* _Problem description_:
Once the line containing "Dragonite ex 159/197" is found in the data below, repeat it and every later line exactly, leaving the pictures out.

* _Supplied material_:
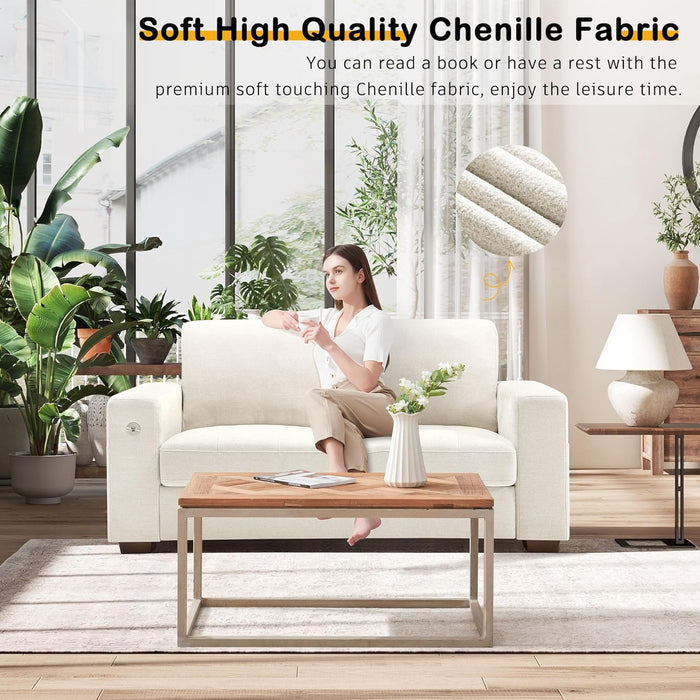 70" Beige Loveseat with USB & Type-C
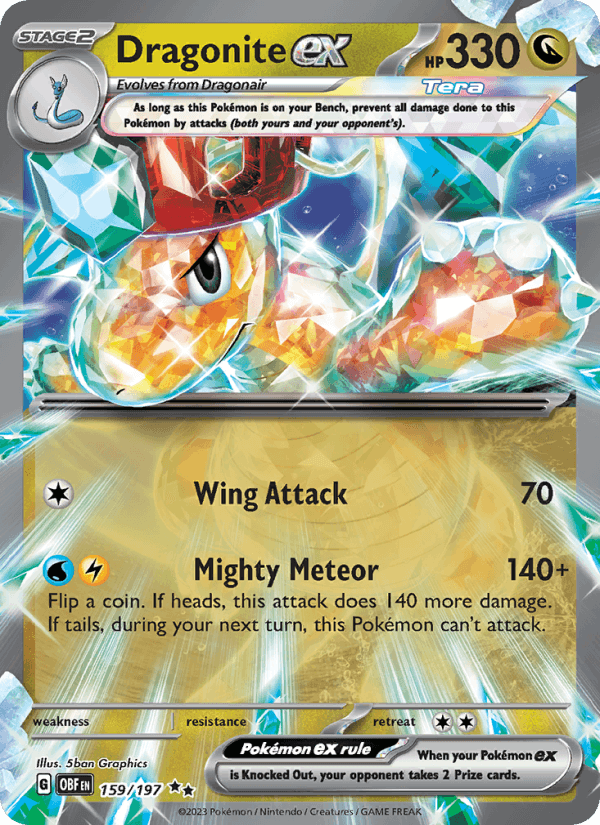 Dragonite ex 159/197 Obsidian Flames English Pokémon card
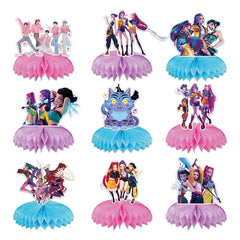 K Pop Demon Birthday Party Supplies 9Pcs Honeycomb Centerpieces set display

* _Task answer_:
 Dragonite ex 159/197 Obsidian Flames English Pokémon card
 K Pop Demon Birthday Party Supplies 9Pcs Honeycomb Centerpieces set display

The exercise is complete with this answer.